Bon nombre d’entre vous se rappellent peut-être, -à tout le moins le sauront à cette occasion en même temps que Philippe Val-, que le chef de la mission d’achat militaire israélienne en France sous la IV ème République (1946-1958) disposait, à l’époque, non pas à l’ambassade israélienne, mais au sein même du ministère français des armées, d’un bureau jouxtant celui du directeur de cabinet du ministre, une proximité sans précédent même dans les pays colonisés.
Bon nombre d’entre vous gardent peut être présent à l’esprit,-à tout le moins en prendront connaissance à cette occasion en même temps que Philippe Val,- l’implication des services israéliens et français dans l’enlèvement du chef charismatique de l’opposition marocaine Mehdi Ben Barka, en 1965, en plein jour, en plein Paris (9), ou encore le vol des cinq vedettes de Cherbourg par les Israéliens (Décembre 1969), la plus concrète manifestation sinon de la connivence du moins de la passivité des services français à l’égard des coups de main israéliens, au même titre que l’implosion à Cadarache, dans un centre du sud de la France, d’un réacteur destiné à l’Irak.
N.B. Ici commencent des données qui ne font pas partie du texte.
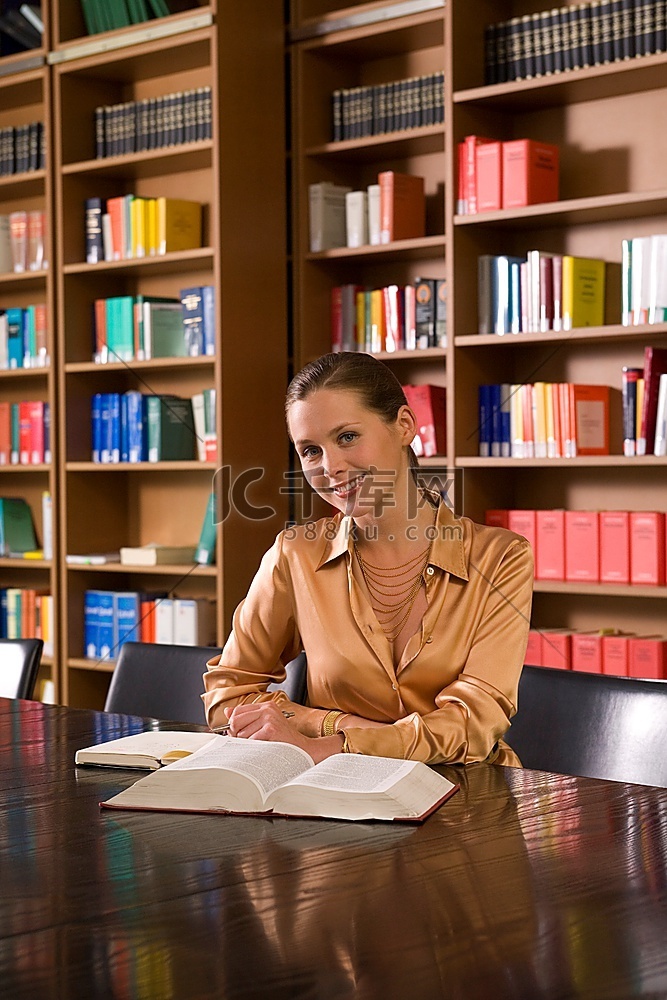 图书馆书桌前拿着书的年轻女子，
L’ouverture de la France vers les pays arabes, en 1967, au terme d’une rupture de onze ans consécutive à l’expédition de Suez, lui a valu un regain de prestige après deux décennies de déboires militaires en Indochine et en Algérie, avec en prime la conquête des marchés pétroliers, notamment celui de l’Irak, l’ancienne chasse gardée des Anglais, la percée majeure de la diplomatie gaulliste de la seconde moitié du XX ème siècle, ainsi que de fabuleux contrats militaires de l’ordre de plusieurs centaines de millions de dollars, notamment avec l’Irak, la Libye et l’Arabie saoudite, permettant ainsi le maintien de la compétitivité de l’industrie militaire française et d’un subséquent bassin d’emploi.
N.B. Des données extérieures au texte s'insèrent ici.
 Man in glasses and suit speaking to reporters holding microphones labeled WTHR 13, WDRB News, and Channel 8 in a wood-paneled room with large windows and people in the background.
Philippe Val est un récidiviste de la manipulation : Il s’est d’ailleurs fait remarquer à l’Élysée pour avoir congédié, l’été 2008, le dessinateur Siné, avec la complicité de son compère Claude Askolovitch, au prétexte d’une fausse accusation d’antisémitisme à propos d’un papier mettant en question Jean Sarkozy, le propre fils du chef de l’Etat. Son tropisme anti-arabe éclaire ainsi rétrospectivement la motivation profonde de son combat pour la liberté d’expression, particulièrement dans la sphère arabo-musulmane.
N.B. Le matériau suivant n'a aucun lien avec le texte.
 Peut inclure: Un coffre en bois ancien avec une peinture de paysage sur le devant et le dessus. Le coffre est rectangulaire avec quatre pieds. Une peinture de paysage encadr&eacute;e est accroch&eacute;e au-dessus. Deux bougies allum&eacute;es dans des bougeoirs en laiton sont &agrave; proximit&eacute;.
Grâce soit donc rendue à Carla Bruni, sa marraine, et à Claude Askolovitch (10), son complice dans le lynchage médiatique du dessinateur Siné, de lui avoir épargné de présider la douloureuse épreuve du naufrage de son pavillon médiatique. Nul ne s’attend d’ailleurs à de l’impartialité de la part du nouveau directeur de France Inter dans l’exercice de ses nouvelles fonctions, largement tributaires du bon plaisir du prince. Mais au vu de son parcours curviligne, beaucoup de contribuables s’attendent que ce désormais haut salarié du service public d‘un état en faillite combatte avec la même vigueur l’antisémitisme qu’il croit déceler chez les autres et l’arabophobie latente qu’il recèle en lui. En un mot qu’il dégage l’espace public de toute tentative de falsification de l’Histoire, bride toute manipulation de l’opinion publique, de même que toute déloyauté dans la présentation des réalités fondamentales de la vie publique nationale, condition indispensable au bon fonctionnement de la démocratie et à la crédibilité du vecteur qu’il est censé servir.